第一次世界大戦で各国は百年くらい前のナポレオン戦争のころの戦術から大きくは変わっていなかった。トドメに使うのは横隊による一斉突撃である。ところが大きく違う点があった。機関銃だ。

2014-07-26 11:41:22
扶桑委員会 @fussoo_moe

歩兵の標準火器であるライフルもかなり進化しており発射速度は毎分30発ぐらいになってはいたものの、機関銃はそれを遥かにしのぎ毎分800発とか撃つのが当たり前だ。火力密度が違いすぎる。

2014-07-26 11:42:36
扶桑委員会 @fussoo_moe

機関銃の欠点は大きく1人で持ち運ぶのは不可能で、陣地に据え付けて使わなければならない点だったが、威力がすごすぎた。防御陣地に大隊単位で一斉横隊突撃で突っ込んでった兵隊はたった一丁の機関銃とそれを支援する幾ばくかの歩兵がいるだけで文字通り皆殺しになった。

2014-07-26 11:43:47
扶桑委員会 @fussoo_moe

マルヌの会戦ではたった一日で多数の士官を含む1万4000人あまりが戦死した。

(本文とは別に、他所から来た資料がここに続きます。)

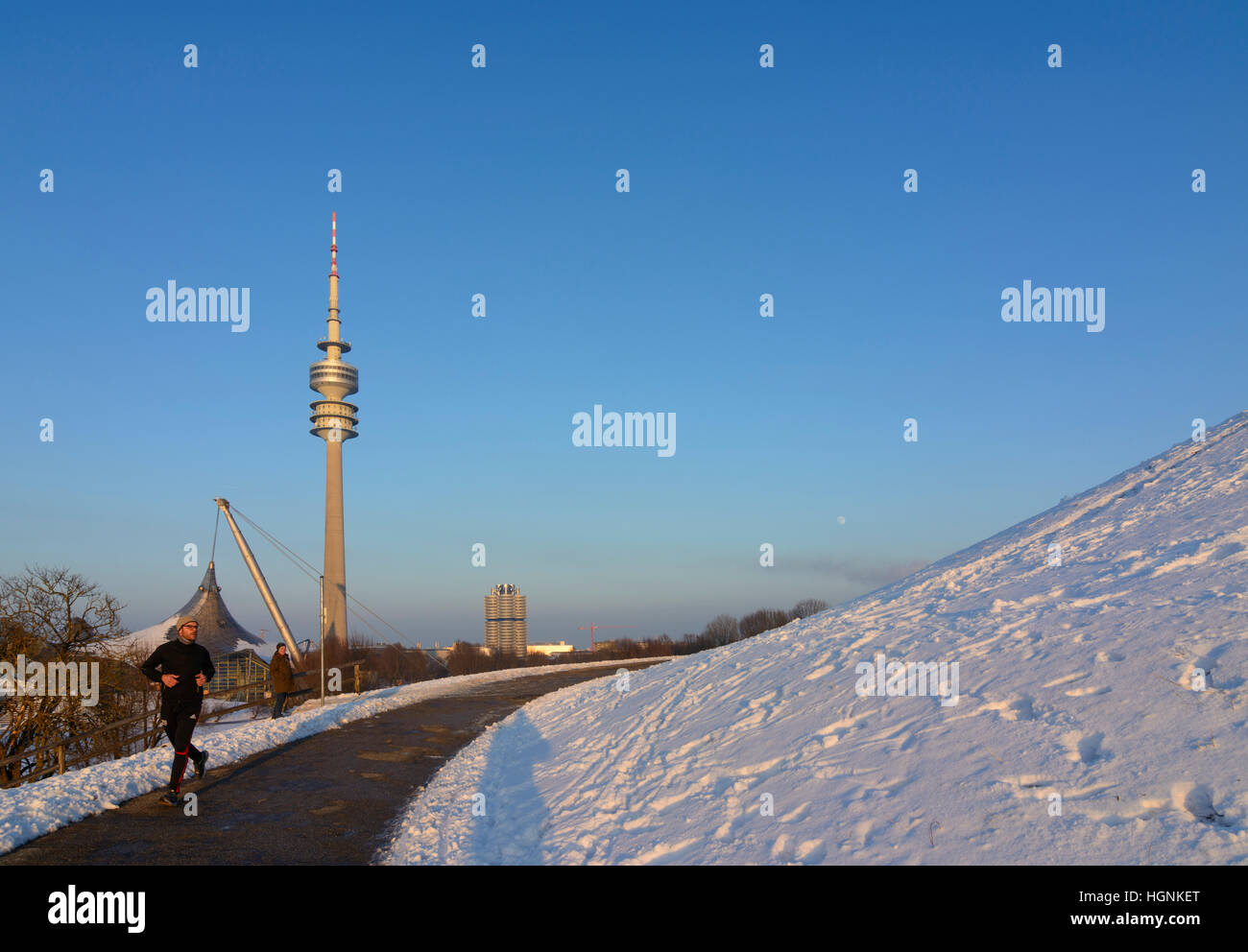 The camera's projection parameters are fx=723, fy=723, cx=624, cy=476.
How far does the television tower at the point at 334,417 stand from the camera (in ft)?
373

たった一日である。イラク戦争(戦後の治安維持も含む約10年の期間)での戦死者がせいぜい2万人であることを考えると、第一次大戦が如何に犠牲が大きい戦争だったか分かるだろう。

2014-07-26 11:47:07
扶桑委員会 @fussoo_moe

各国軍隊はいろいろと戦術を模索するのだが、そのなかで革新的な歩兵戦術を生み出したのがドイツだった。浸透戦術と呼ばれるものだ。

2014-07-26 11:47:55
扶桑委員会 @fussoo_moe

浸透戦術は小隊(六十人程度)をさらに分割し、いくつかの分隊(一個分隊は10人前後)を敵陣地に肉薄させ、各々の分隊の判断で突破し、的後方に到達してこれを撃破するというものだった。

2014-07-26 11:49:53
扶桑委員会 @fussoo_moe

この戦術では分隊指揮官(下士官)、あるいは小隊指揮官(少尉~中尉)に高い判断力を求められた。また兵士も自らの役割を認識し、ある程度自律的に行動することが求められた。それまでの突撃命令が出たら銃を持って突撃して敵を見つけたら撃つくらいしかしなかったことと比べるととても高度である。

2014-07-26 11:51:45
扶桑委員会 @fussoo_moe

第二次世界大戦でも歩兵戦術は基本的にはこのようなものだ。職業軍人である指揮官だけでなく、ひらの兵隊にも状況を判断し自らの行動を決定するだけの知識と経験が必要になったのだ。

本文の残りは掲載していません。